DESCRIPTION OF THE TASK: Whatever lies between the line with "Bricomarche Karma mokra" and the end of the data, both included, must be copied exactly and without pictures.

#### DATA EXCERPTS

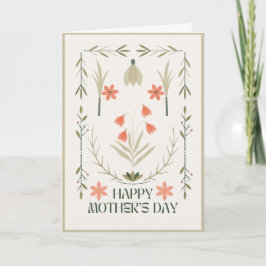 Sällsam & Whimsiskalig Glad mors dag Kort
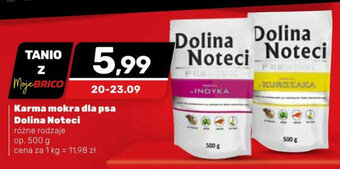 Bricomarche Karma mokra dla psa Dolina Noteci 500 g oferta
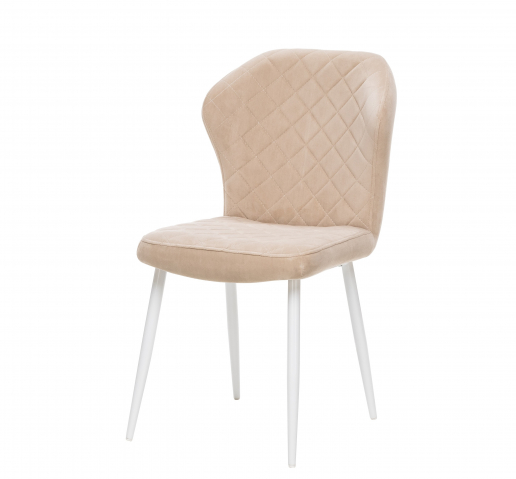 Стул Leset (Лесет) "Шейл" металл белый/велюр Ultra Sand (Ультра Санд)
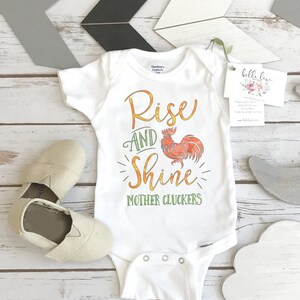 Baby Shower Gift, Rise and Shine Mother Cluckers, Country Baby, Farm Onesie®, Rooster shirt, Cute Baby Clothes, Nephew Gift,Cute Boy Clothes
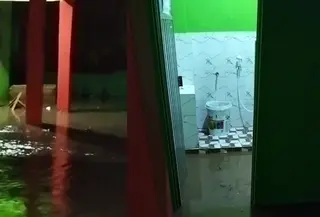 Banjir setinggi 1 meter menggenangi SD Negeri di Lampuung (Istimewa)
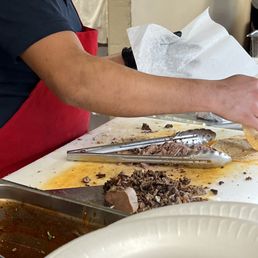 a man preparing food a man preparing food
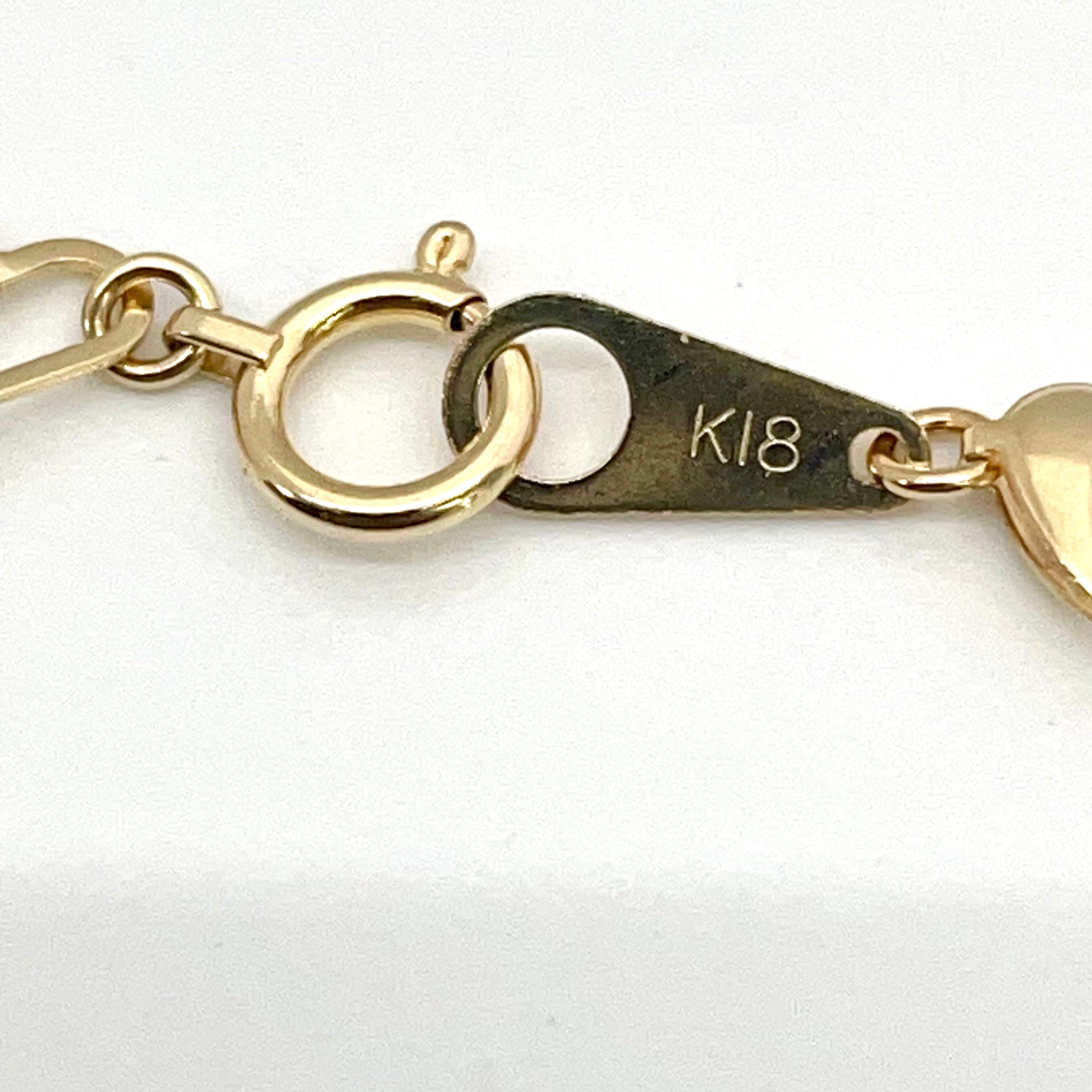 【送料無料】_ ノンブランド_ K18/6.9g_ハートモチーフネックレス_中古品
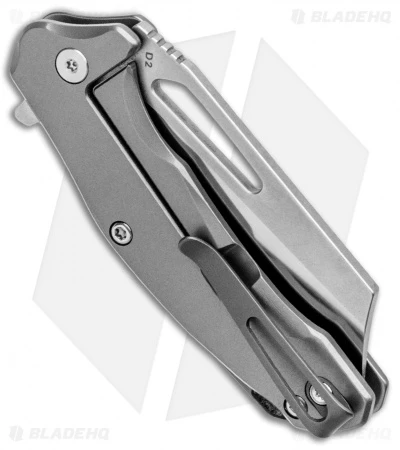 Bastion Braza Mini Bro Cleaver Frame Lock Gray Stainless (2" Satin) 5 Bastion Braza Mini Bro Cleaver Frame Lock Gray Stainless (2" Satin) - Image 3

########

EXERCISE SOLUTION:
 Bricomarche Karma mokra dla psa Dolina Noteci 500 g oferta
 Стул Leset (Лесет) "Шейл" металл белый/велюр Ultra Sand (Ультра Санд)
 Baby Shower Gift, Rise and Shine Mother Cluckers, Country Baby, Farm Onesie®, Rooster shirt, Cute Baby Clothes, Nephew Gift,Cute Boy Clothes
 Banjir setinggi 1 meter menggenangi SD Negeri di Lampuung (Istimewa)
 a man preparing food a man preparing food
 【送料無料】_ ノンブランド_ K18/6.9g_ハートモチーフネックレス_中古品
 Bastion Braza Mini Bro Cleaver Frame Lock Gray Stainless (2" Satin) 5 Bastion Braza Mini Bro Cleaver Frame Lock Gray Stainless (2" Satin) - Image 3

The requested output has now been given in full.